START Supplied material

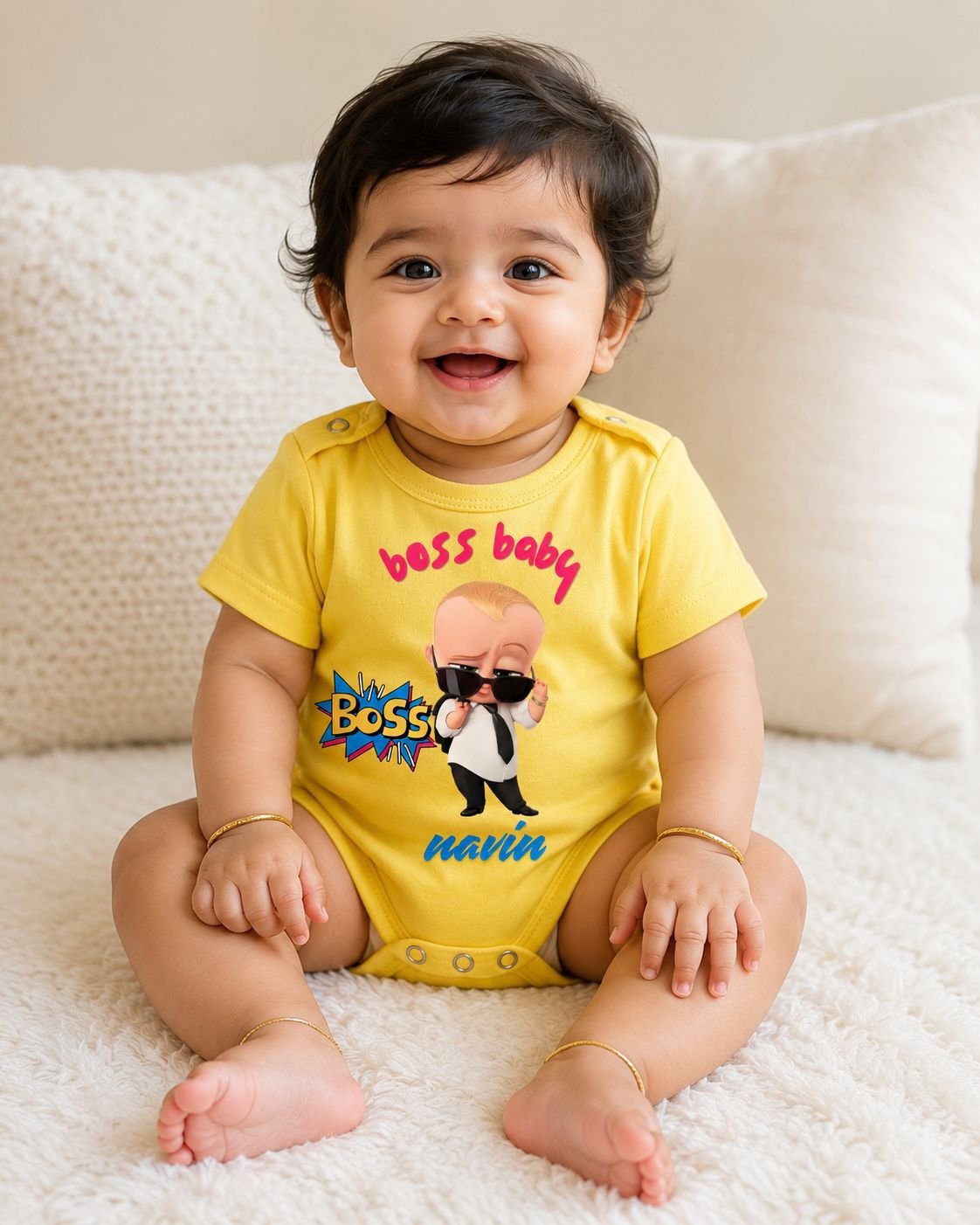 Personalized Boss Baby Custom Name Bodysuit yellow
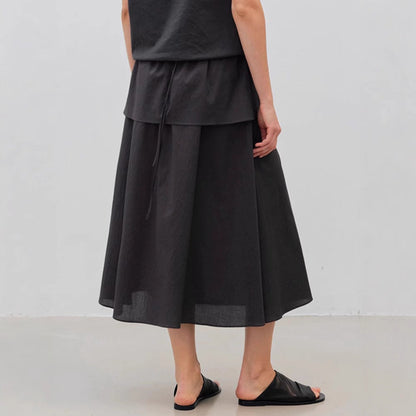Damen Maxirock Elegant Elastischer Bund Fließend Eveloria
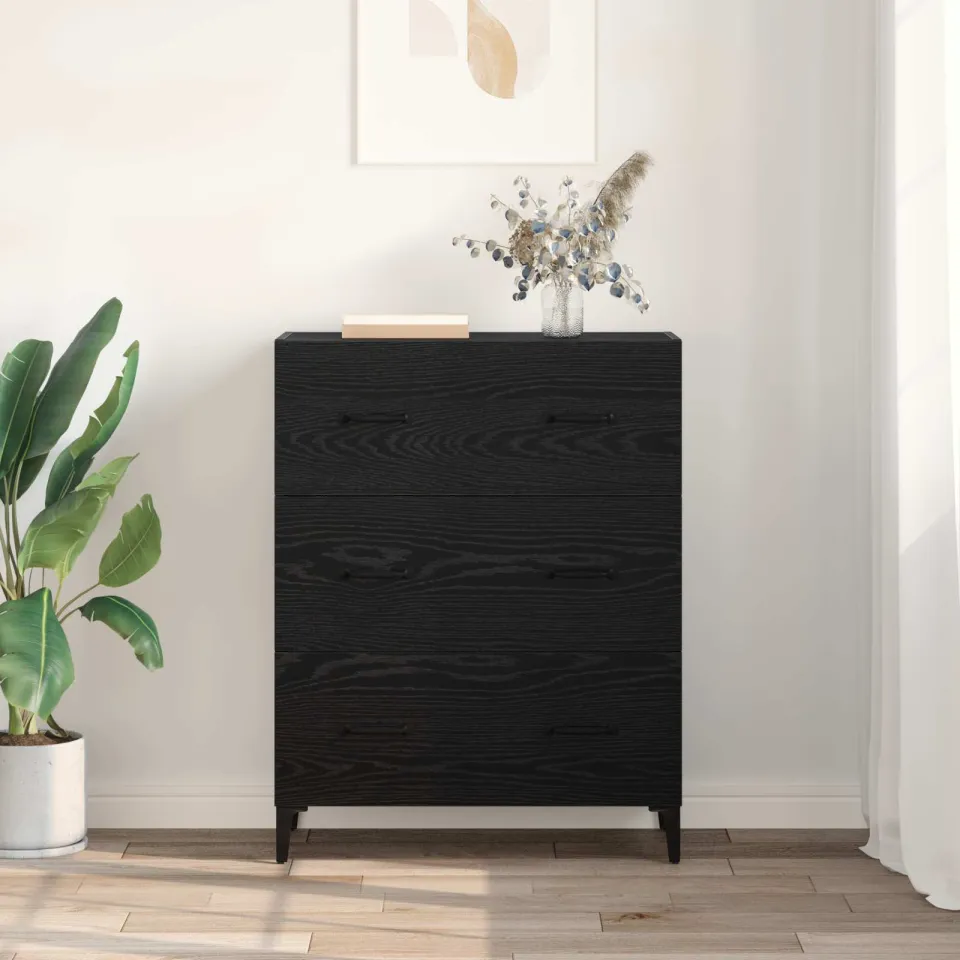 vidaXL Dressoir Zwart Eiken 69,5 x 34 x 90 cm Gemonteerd hout en ijzer, foto 3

END Supplied material

* **Problem description**
Could you transcribe the material above exactly, keeping every picture out?

* **Answer to this task**
 Personalized Boss Baby Custom Name Bodysuit yellow
Damen Maxirock Elegant Elastischer Bund Fließend Eveloria
 vidaXL Dressoir Zwart Eiken 69,5 x 34 x 90 cm Gemonteerd hout en ijzer, foto 3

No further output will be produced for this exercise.